Finally, a brewery tour through The Lone Buffalo by Tangled Roots Brewing Company ends with a complimentary flight of craft beer.
“Everything is history related; it just depends on what conveyance you’re interested in,” Aussem says. He also leads custom tours if people want something more specific to their interests.
The farther out you book a tour, the better, but Awesome Ottawa Tours allows people to register up to an hour before they start. Visit awesomeottawatours.com or call (815) 343-4940 to see what’s available.

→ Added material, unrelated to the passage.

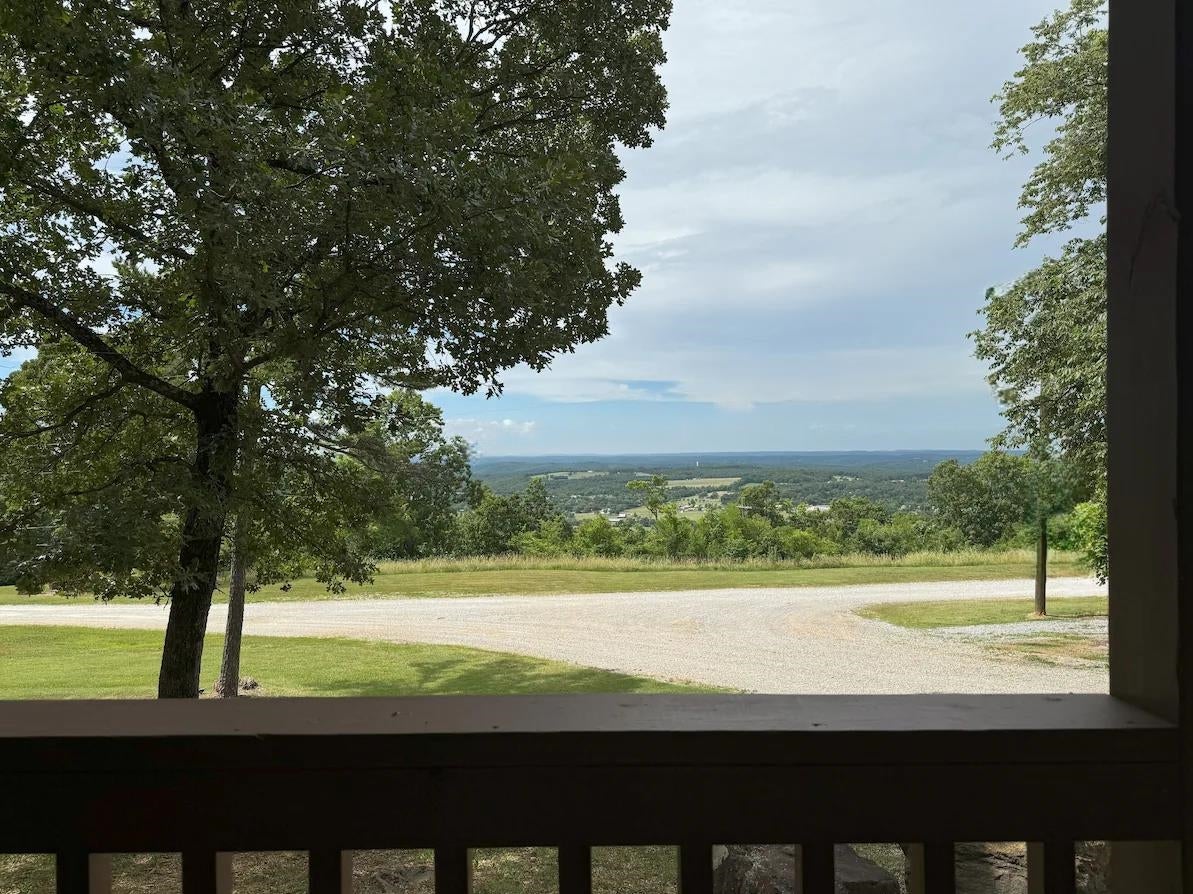 Mountain View, Arkansas, 72560, United States, 3 Bedrooms Bedrooms, ,2 BathroomsBathrooms,Residential,For Sale,1792514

“What people walk away with on our tours is ‘Wow, I never realized all of that was so significant here in Ottawa,’” Aussem says. “But more importantly, it gives them a spark to go and do research on their own town, their own past, their own history. It’s important that we know where we come from, and I like to leave people with that. You may be fascinated with what you find.”
Where to Stay
In order to take in Ottawa properly, it’s best to stay in the area. While nearby hotels provide lodging options, there are other, more-unique options as well, including both Kishawau Cabins and Heritage Harbor.
Terisa King, owner of Kishawau Cabins at 901 N. 2129th Road, in nearby Tonica, says her in-laws originally purchased the property from the Boy Scouts of America back in 1986. Today, 17 cabins are located throughout 65 acres of wooded property, and each one has a full kitchen, personal bonfire pit, picnic table, grill, and other amenities. Plus, the whole property is mosquito-treated, so you don’t need to worry about bugs.

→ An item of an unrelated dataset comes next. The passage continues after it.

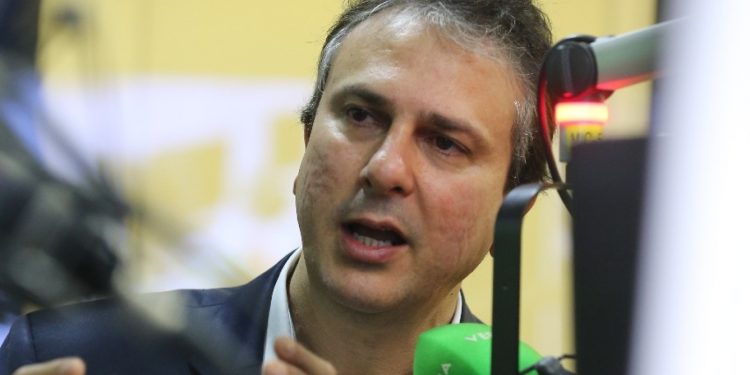 Camilo homologa concursos e anuncia novas seleções para 2020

“Our cabins aren’t even like typical camping cabins,” King says. “Thirteen of them are studios, but even those are about 750 square feet. So, they’re decent sized. It’s kind of like modern-day glamping. It’s a happy medium between people who love camping and people like me who are kind of over it and want running water and a nice bed.”
While many of the studios have queen beds, an extra twin bed and maybe a fold-out futon, five cabins are specifically designated to sleep couples for romantic getaways. Four cabins are specific to customers with dogs, and 12 cabins have large Whirlpool tubs.
Larger cabins have separate bedrooms and baths, and the largest cabin on site, Grandma’s Cabin, is a four-bedroom, two-bathroom cabin that can sleep up to 14 people. The site as a whole is popular for family reunions, with Grandma’s Cabin typically serving as the epicenter. The property can accommodate up to 70 people in total.
“What everybody loves about our property is that you would never know that all of that is here,” King says. “Everything is just so nicely spread out. People love the homey feel here. Our longtime customers who’ve been coming here since the beginning – they walk in the door and they say, ‘We’re home!’ You definitely get the mom-and-pop vibe here. ”
The office is always open with access to movies, puzzles, games, books and magazines. Everything is loaned outon a cash-only honors system.
Summer availability is already filling up, especially since Kishawau Cabins makes for an ideal socially distant getaway. Visit kishauwaucabins.com or call (815) 442-8453 to secure a reservation.
“This is a type of getaway where you’re really taken back in time,” King adds. “Our society is plugged in all the time, and people can come here to reconnect through telling stories around bonfires, or playing board games. I just want people to experience being unplugged and enjoying each other.”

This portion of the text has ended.